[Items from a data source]

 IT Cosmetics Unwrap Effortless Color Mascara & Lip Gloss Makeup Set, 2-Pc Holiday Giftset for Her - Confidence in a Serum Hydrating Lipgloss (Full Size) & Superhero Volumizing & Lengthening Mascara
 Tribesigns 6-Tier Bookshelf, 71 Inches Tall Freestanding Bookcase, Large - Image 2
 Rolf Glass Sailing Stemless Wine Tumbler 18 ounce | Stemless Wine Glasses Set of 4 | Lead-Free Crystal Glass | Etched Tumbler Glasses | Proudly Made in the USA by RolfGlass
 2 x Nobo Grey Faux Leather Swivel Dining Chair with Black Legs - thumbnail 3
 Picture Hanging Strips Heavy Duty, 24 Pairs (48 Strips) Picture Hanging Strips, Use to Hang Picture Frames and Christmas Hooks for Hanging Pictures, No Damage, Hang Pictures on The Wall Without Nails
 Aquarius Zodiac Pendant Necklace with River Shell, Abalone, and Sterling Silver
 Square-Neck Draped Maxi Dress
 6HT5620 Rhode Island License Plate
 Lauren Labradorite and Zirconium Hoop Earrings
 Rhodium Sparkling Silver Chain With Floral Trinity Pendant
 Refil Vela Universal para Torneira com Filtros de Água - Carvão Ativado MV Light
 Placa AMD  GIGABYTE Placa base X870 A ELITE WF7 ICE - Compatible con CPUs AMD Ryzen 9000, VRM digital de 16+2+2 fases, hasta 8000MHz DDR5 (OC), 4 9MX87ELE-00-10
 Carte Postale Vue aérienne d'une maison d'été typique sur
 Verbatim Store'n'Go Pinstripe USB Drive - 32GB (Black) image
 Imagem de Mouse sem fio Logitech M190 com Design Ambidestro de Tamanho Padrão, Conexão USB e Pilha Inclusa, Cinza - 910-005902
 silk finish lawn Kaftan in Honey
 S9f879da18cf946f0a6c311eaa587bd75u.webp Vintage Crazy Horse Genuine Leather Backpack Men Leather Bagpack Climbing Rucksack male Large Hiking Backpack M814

▶ YOUR GOAL: Nothing but the lines from the beginning of the records through the line with "2 x Nobo Grey" should appear, each printed exactly.

▶ RESPONSE BELOW:
 IT Cosmetics Unwrap Effortless Color Mascara & Lip Gloss Makeup Set, 2-Pc Holiday Giftset for Her - Confidence in a Serum Hydrating Lipgloss (Full Size) & Superhero Volumizing & Lengthening Mascara
 Tribesigns 6-Tier Bookshelf, 71 Inches Tall Freestanding Bookcase, Large - Image 2
 Rolf Glass Sailing Stemless Wine Tumbler 18 ounce | Stemless Wine Glasses Set of 4 | Lead-Free Crystal Glass | Etched Tumbler Glasses | Proudly Made in the USA by RolfGlass
 2 x Nobo Grey Faux Leather Swivel Dining Chair with Black Legs - thumbnail 3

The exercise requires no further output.